In 1969 the General Assembly appears to have returned to the original concept that the creation of municipal corporations is the business of the General Assembly. Chapter 673, Session Laws of 1969, repealed as of the date of its passage Article 17, Chapter 160 of the General Statutes. The act, however, provided that all charters created by the Board prior to the repeal were ratified and confirmed. Hence, up to the date of its pas*663sage all prior acts of incorporation ordered by the Board were made valid and were confirmed. The repealing statute became effective upon its passage which occurred on June 2, 1969. On that day and by that act the Municipal Board of Control ceased to exist. The repealing statute by failing to contain a saving clause permitting it to complete its unfinished business terminated the Board’s existence, leaving the Board without power to proceed further on any matter.

However, on July 1, 1969, the General Assembly enacted Chapter 1225 in a belated attempt to insert a saving clause and to reinstate the Municipal Board of Control with power to complete its unfinished business.
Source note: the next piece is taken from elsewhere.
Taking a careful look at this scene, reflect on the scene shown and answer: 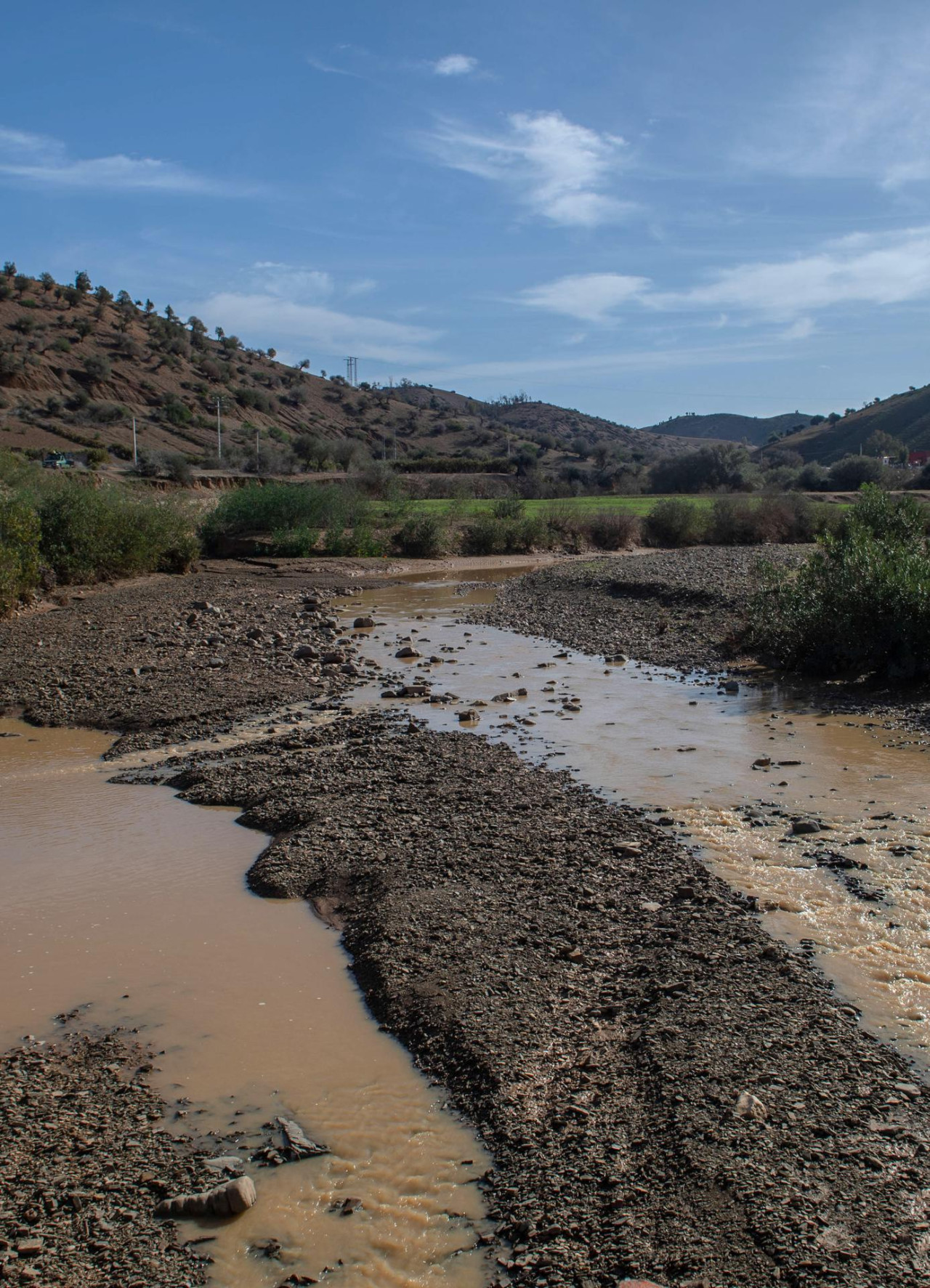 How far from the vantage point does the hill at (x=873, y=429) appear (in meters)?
85.3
The only unfinished business on the date of the passage was the application for the charter for Indian Hills. Chapter 1225, Section 2% provided:

“Notwithstanding any other provisions of this Act, Article 17 of Chapter 160 of the General Statutes is hereby re-enacted for the sole purpose of conferring upon the Municipal Board of Control the power and authority to hear and make a determination of any petition or other matter filed or pending with the Municipal Board of Control prior to June 2, 1969. Upon the determination of such pending matters, the Municipal Board of Control shall cease to exist.”
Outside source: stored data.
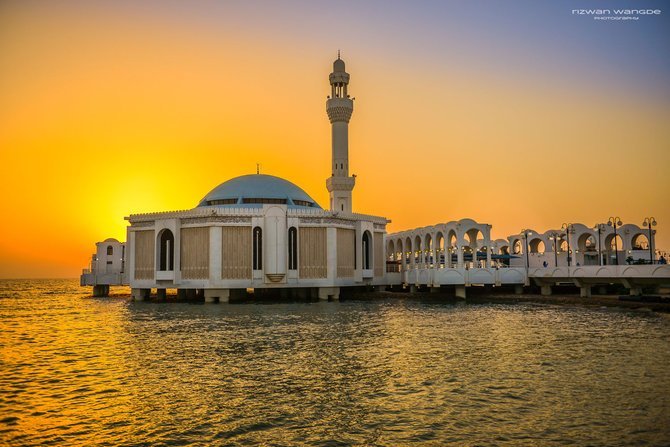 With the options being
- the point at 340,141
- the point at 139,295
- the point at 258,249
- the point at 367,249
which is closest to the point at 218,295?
the point at 258,249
The Board having been completely abolished, its re-creation by the General Assembly could be only by a general law. “As a general rule the repeal of a statute without any reservation takes away all remedies given by the repealed statute and defeats all actions and proceedings pending under it at the time of its repeal. The rule is especially applicable to the repeal of statutes creating a cause of action, providing a remedy not known to the common law, or conferring jurisdiction where it did not exist before, and abates proceedings . . . pending on appeal . . . .” 82 CJS, Section 439, Statutes.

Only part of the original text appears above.